Dataset content:
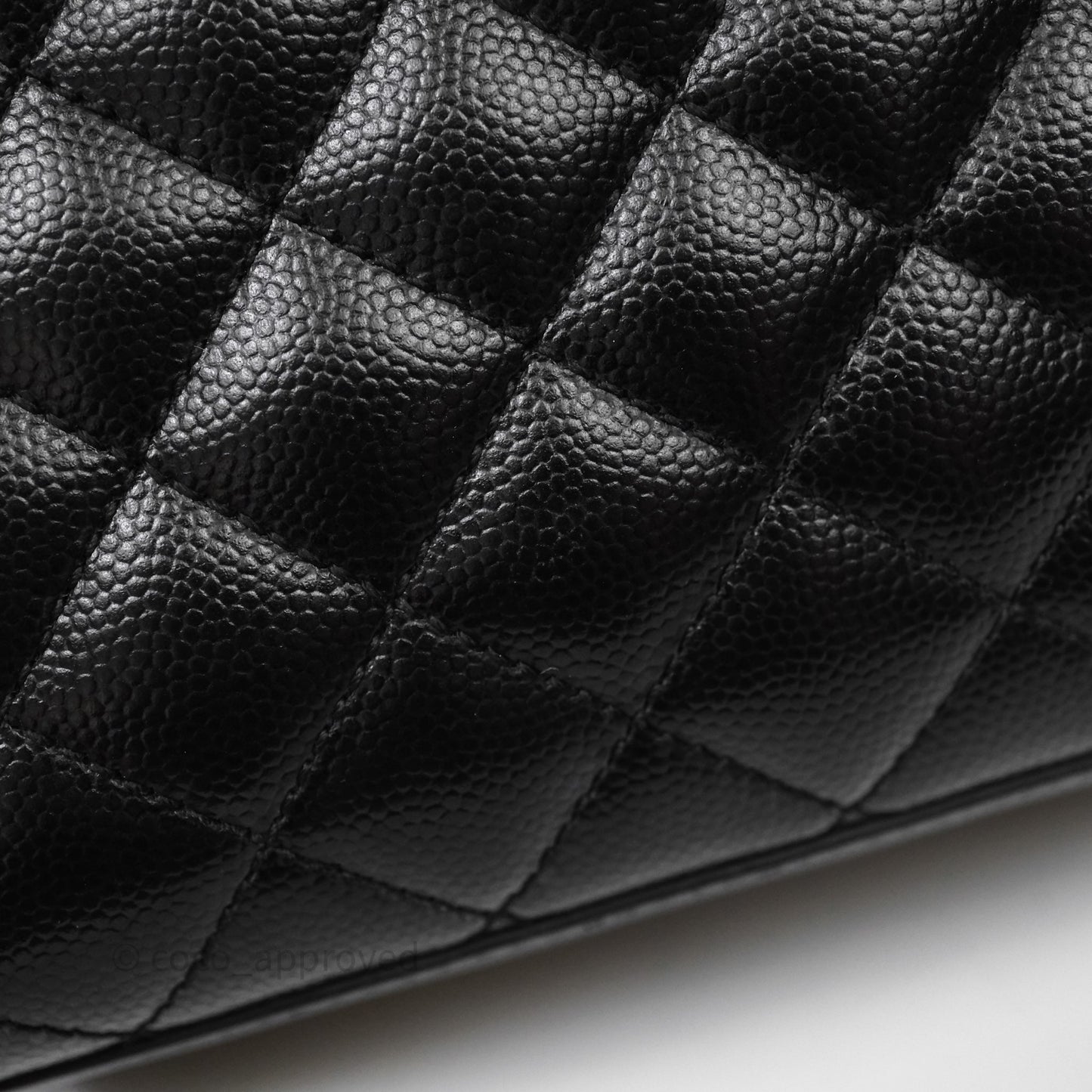 Saint Laurent Envelope Medium So Black Caviar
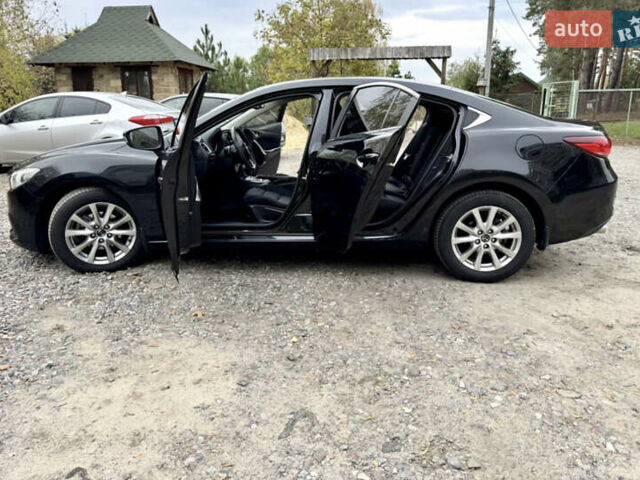 Чорний Мазда 6, об'ємом двигуна 2 л та пробігом 152 тис. км за 13500 $, фото 12 на Automoto.ua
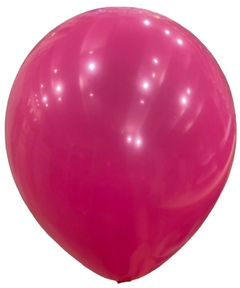 POP BALLOON STANDARD 12 X 50 UN. FUCSIA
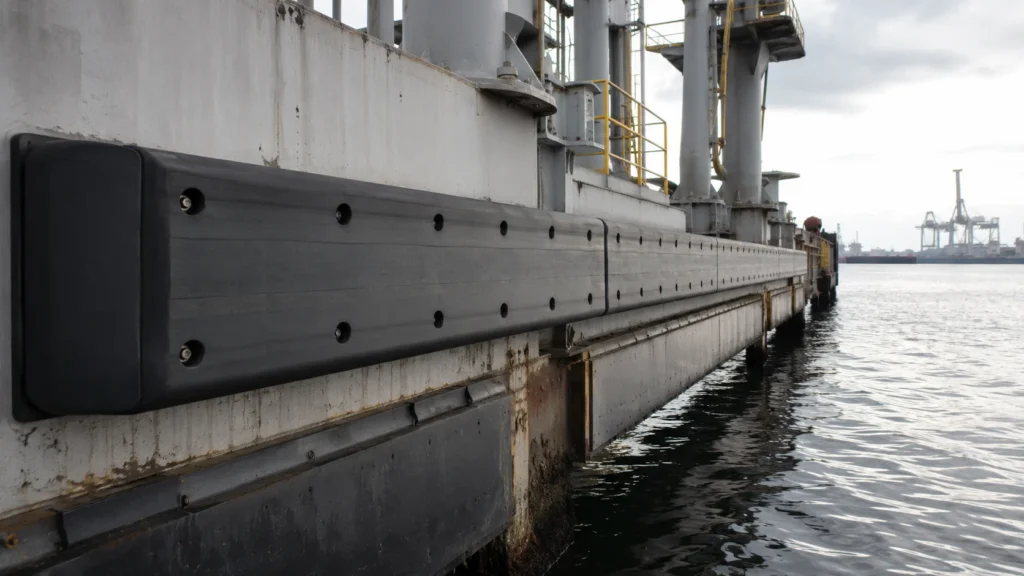 Buffer Rails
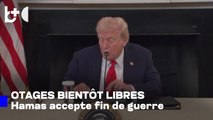 Trump annonce: Israël et le Hamas ont convenu de la première phase du plan de paix à Gaza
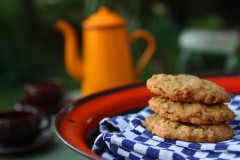 oatmeal raisin cookies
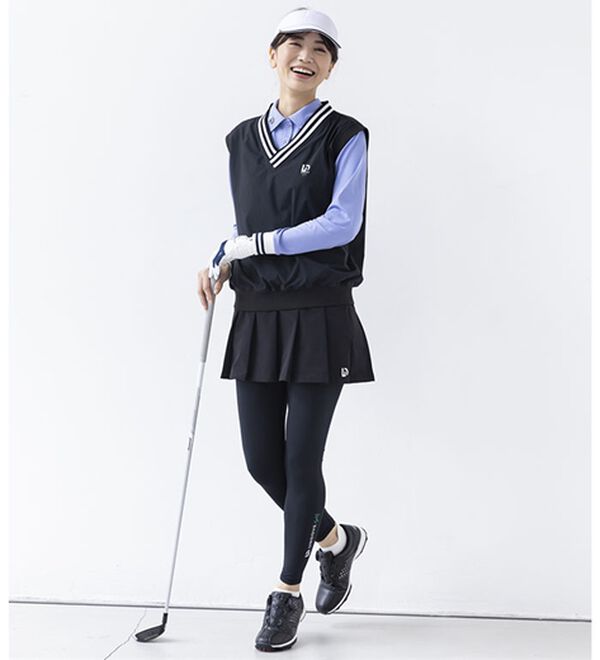 BELLUNA（ベルーナ）の「はっ水！シャカベスト（ベスト）」｜詳細画像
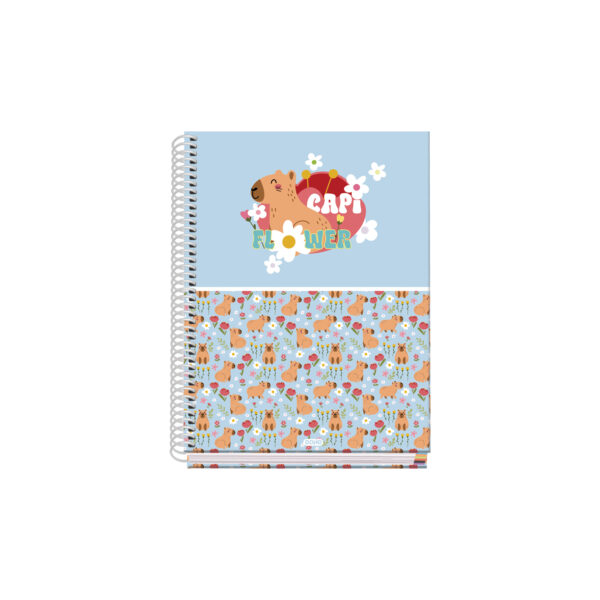 Cuaderno espiral Tapa dura 100 hojas - A5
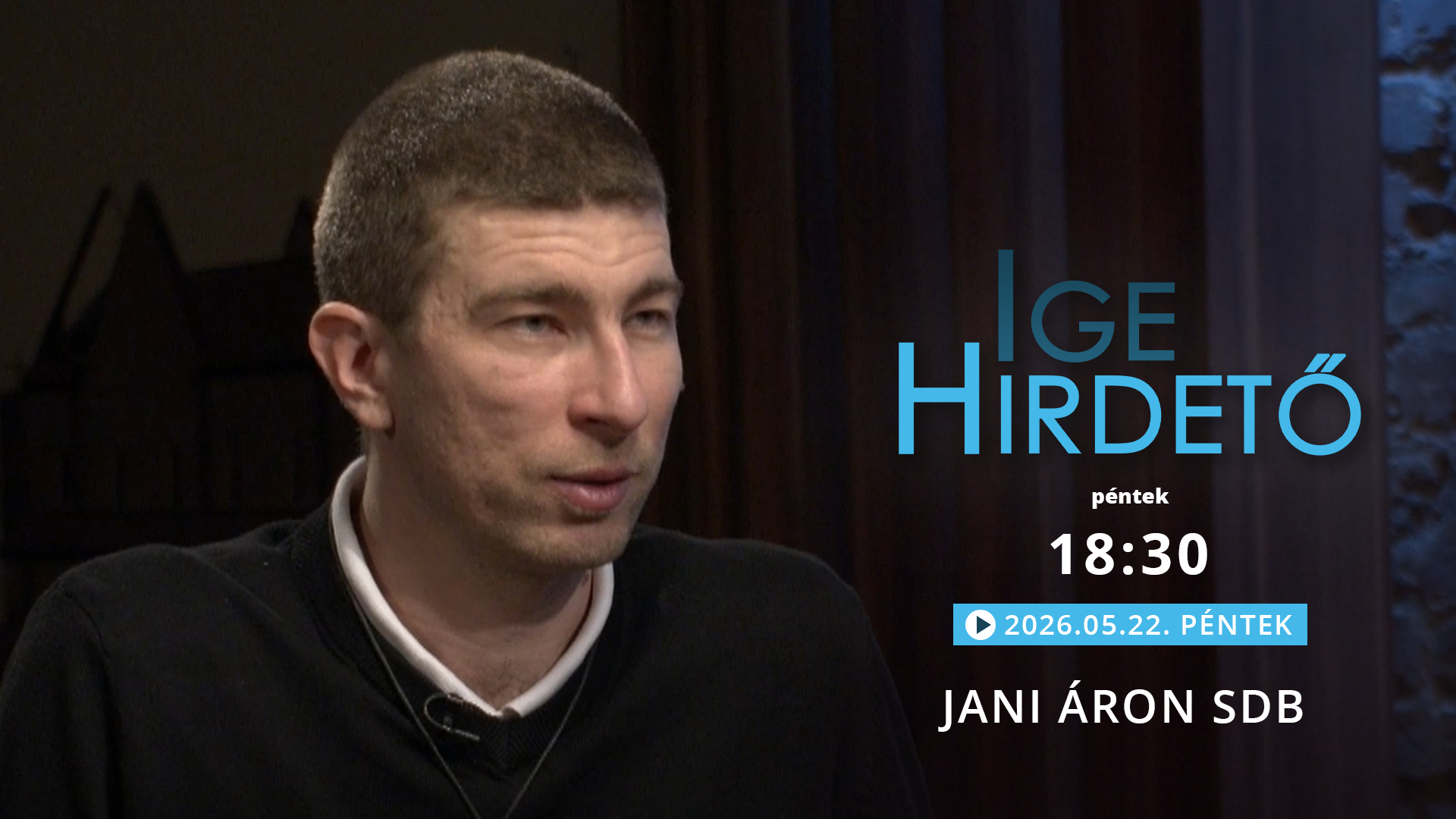 Igehirdető – Jani Áron SDB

Instructions for the task: Only an exact copy of the lines from the one with "Buffer Rails" through the last line of the data above is wanted, and no pictures.

Exercise response:
 Buffer Rails
 Trump annonce: Israël et le Hamas ont convenu de la première phase du plan de paix à Gaza
 oatmeal raisin cookies
 BELLUNA（ベルーナ）の「はっ水！シャカベスト（ベスト）」｜詳細画像
 Cuaderno espiral Tapa dura 100 hojas - A5
 Igehirdető – Jani Áron SDB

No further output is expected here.